◆ WORK TO COMPLETE: Both the line with "PrecisionEdge – Ultra Sharp Nail Clippers" and the line with "Anti-NS5A Rabbit Polyclonal Antibody" in the records below must appear in the output, along with every line between them, exactly and with nothing added.
--
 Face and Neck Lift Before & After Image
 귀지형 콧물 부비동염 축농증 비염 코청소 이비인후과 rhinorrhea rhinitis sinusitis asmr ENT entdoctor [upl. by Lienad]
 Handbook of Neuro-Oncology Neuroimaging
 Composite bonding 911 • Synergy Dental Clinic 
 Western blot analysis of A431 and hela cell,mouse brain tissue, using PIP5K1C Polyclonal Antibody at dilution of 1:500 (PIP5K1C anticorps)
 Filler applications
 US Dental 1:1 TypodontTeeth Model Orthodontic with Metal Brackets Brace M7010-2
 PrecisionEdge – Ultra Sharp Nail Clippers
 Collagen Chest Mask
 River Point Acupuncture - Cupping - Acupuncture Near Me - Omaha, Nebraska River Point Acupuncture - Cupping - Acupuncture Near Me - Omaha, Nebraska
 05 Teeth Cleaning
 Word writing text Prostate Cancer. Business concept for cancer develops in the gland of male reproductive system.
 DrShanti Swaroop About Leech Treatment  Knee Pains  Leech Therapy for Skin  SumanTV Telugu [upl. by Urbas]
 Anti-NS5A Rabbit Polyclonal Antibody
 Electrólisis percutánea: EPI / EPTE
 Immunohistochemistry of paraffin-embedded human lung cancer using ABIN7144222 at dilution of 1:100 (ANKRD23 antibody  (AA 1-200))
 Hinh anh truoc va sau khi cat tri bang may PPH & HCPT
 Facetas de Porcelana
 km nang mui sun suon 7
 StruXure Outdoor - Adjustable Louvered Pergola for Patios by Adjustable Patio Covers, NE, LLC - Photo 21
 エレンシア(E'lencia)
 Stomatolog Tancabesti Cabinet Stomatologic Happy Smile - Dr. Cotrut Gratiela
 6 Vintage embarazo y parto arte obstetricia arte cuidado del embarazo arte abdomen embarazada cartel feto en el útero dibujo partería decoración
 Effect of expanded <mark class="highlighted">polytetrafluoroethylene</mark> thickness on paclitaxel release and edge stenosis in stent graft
--
◆ RESULT:
 PrecisionEdge – Ultra Sharp Nail Clippers
 Collagen Chest Mask
 River Point Acupuncture - Cupping - Acupuncture Near Me - Omaha, Nebraska River Point Acupuncture - Cupping - Acupuncture Near Me - Omaha, Nebraska
 05 Teeth Cleaning
 Word writing text Prostate Cancer. Business concept for cancer develops in the gland of male reproductive system.
 DrShanti Swaroop About Leech Treatment  Knee Pains  Leech Therapy for Skin  SumanTV Telugu [upl. by Urbas]
 Anti-NS5A Rabbit Polyclonal Antibody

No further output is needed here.